How Will You Make a Difference in 2010?
What will you do to make a difference in your job this year?
This is a variation on a question that Michigan Radio is asking citizens about how to make things better in 2010. Since Michigan is at the epicenter of the Great Recession, there is no shortage of suggestions about what to do differently. The challenge is in what individuals will do to make a positive difference.
To me this question has relevance for leaders at every level, especially as we head into a new decade. And so I think it is worth asking, as you look at your job and the people for whom you are responsible, what will do you to make things better for them and for your organization?
What you suggest will depend upon your level of responsibility. A CEO may consider initiatives that transform the way the company does business. A middle manager may come up with process improvements to optimize departmental efficiency. Or, a front line supervisor may offer ideas for improving the way employees work with customers.
While the specifics of what you offer will depend upon role and responsibility, there are some things you can do to increase the likelihood that your suggestions are implemented.
Be imaginative. Leaders are responsible for encouraging their followers to think big. Fostering aspiration is a leader’s role and so as you consider what you want people to do differently, think in broad terms. The challenge is to encourage employees to think creatively and allow them to implement ideas that merit attention.
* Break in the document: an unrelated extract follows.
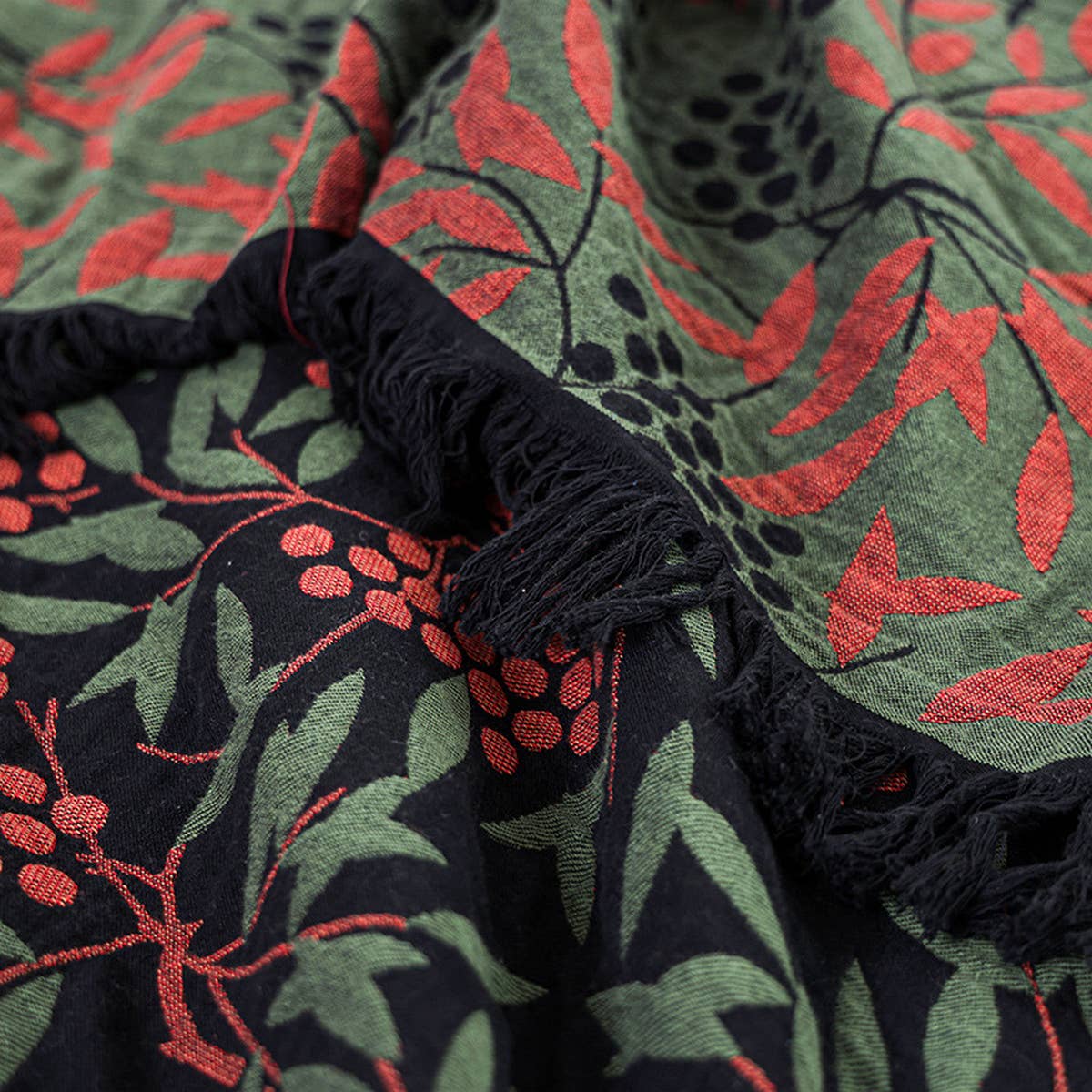 THIN NAP AIR CONDITIONING BLANKET SOFA BLANKET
Be relevant. Consider your company’s mission. Specifically, think about how it delivers value to customers and stakeholders. Ask yourself what you can do to deliver on that mission more effectively. Managers can deliver on relevancy in three ways. First, ensure that everyone knows how their jobs complement the organizational mission. Second, encourage them to find ways to do their jobs more efficiently. And third, recognize them for making positive contributions.
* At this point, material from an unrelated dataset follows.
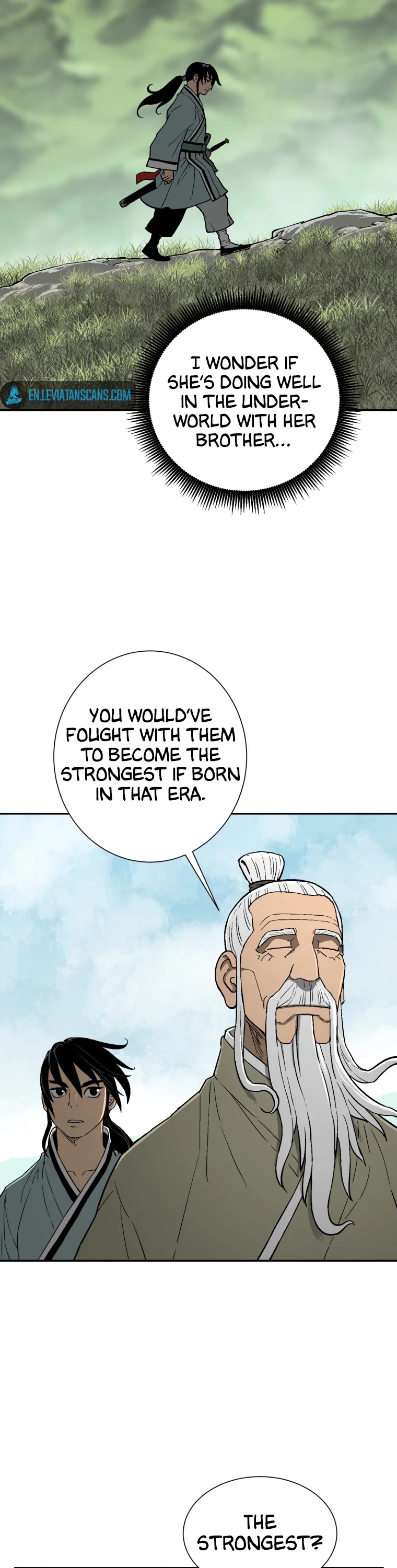 Moonlight Sword chapter 9 page 6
Be specific. While it is necessary to think big, it is also necessary to break the big idea into manageable parts. For example, an HR director challenged to make good on the company’s desire to be an employer of choice might consider how the company recruits, how it fills new positions, and how it develops employees once they are hired. Making the aspiration specific is critical.
Be actionable. Specificity opens the door for turning aspirations into actions. This is your opportunity to implement the ideas as objectives. Assign people to carry out the ideas. Provide them with resources as well as timelines. Make certain you do not hand off all responsibility. You need to keep engaged in the change process.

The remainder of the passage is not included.